Newly discovered layers of ice buried a mile beneath Mars’ north pole are the remnants of ancient polar ice sheets, report researchers.
It could be one of the largest water reservoirs on the planet, according to new research.
The team made the discovery using measurements that the Shallow Radar (SHARAD) on NASA’s Mars Reconnaissance Orbiter gathered. SHARAD emits radar waves that can penetrate up to a mile and a half beneath the surface of Mars.
The findings are important because the layers of ice are a record of past climate on Mars in much the same way that tree rings are a record of past climate on Earth. Studying the geometry and composition of these layers could tell scientists whether climate conditions were previously favorable for life, researchers say. The team found layers of sand and ice that were as much as 90 percent water in some places.
If melted, the newly discovered polar ice would be equivalent to a global layer of water around Mars at least 1.5 meters (5 feet) deep.
“We didn’t expect to find this much water ice here,” says lead author Stefano Nerozzi, a graduate research assistant at the University of Texas Institute for Geophysics who is completing his PhD at the Jackson School of Geosciences. “That likely makes it the third largest water reservoir on Mars after the polar ice caps.”
Researchers at Johns Hopkins University corroborated the findings in an independent study the findings using gravity data instead of radar. The first and second papers both appear in Geophysical Research Letters.
The authors think that the layers formed when ice accumulated at the poles during past ice ages on Mars. Each time the planet warmed, sand covered a remnant of the ice caps, which protected the ice from solar radiation and prevented it from dissipating into the atmosphere.
Scientists have long known about glacial events on Mars, which are driven by variations in the planet’s orbit and tilt. Over periods of about 50,000 years, Mars leans toward the sun before gradually returning to an upright position, like a wobbling spinning top. When the planet spins upright, the equator faces the sun, allowing the polar ice caps to grow. As the planet tilts, the ice caps retreat, perhaps vanishing entirely.
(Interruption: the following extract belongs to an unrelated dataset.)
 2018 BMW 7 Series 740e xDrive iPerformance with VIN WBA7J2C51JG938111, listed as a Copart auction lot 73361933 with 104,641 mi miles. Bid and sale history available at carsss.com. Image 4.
Until now, scientists thought that the ancient ice caps were lost. The paper shows that in fact significant ice sheet remnants have survived under the planet’s surface, trapped in alternating bands of ice and sand, like layers on a cake.
Coauthor Jack Holt, a professor at the Lunar & Planetary Laboratory of the University of Arizona, says that the study provides new, important insights into the exchange of water ice between the poles and the midlatitudes, where his research group previously confirmed the presence of widespread glaciers, also using the SHARAD instrument.
“Surprisingly, the total volume of water locked up in these buried polar deposits is roughly the same as all the water ice known to exist in glaciers and buried ice layers at lower latitudes on Mars, and they are approximately the same age,” he says.
Nerozzi says that studying this record of past polar glaciation could help determine whether Mars was ever habitable.
“Understanding how much water was available globally versus what’s trapped in the poles is important if you’re going to have liquid water on Mars,” Nerozzi says. “You can have all the right conditions for life, but if most of the water is locked up at the poles, then it becomes difficult to have sufficient amounts of liquid water near the equator.”
Support for the study came from a grant from the NASA Mars Data Analysis Program and the MRO Project Office at the Jet Propulsion Laboratory. The Italian Space Agency provided SHARAD to NASA’s MRO mission.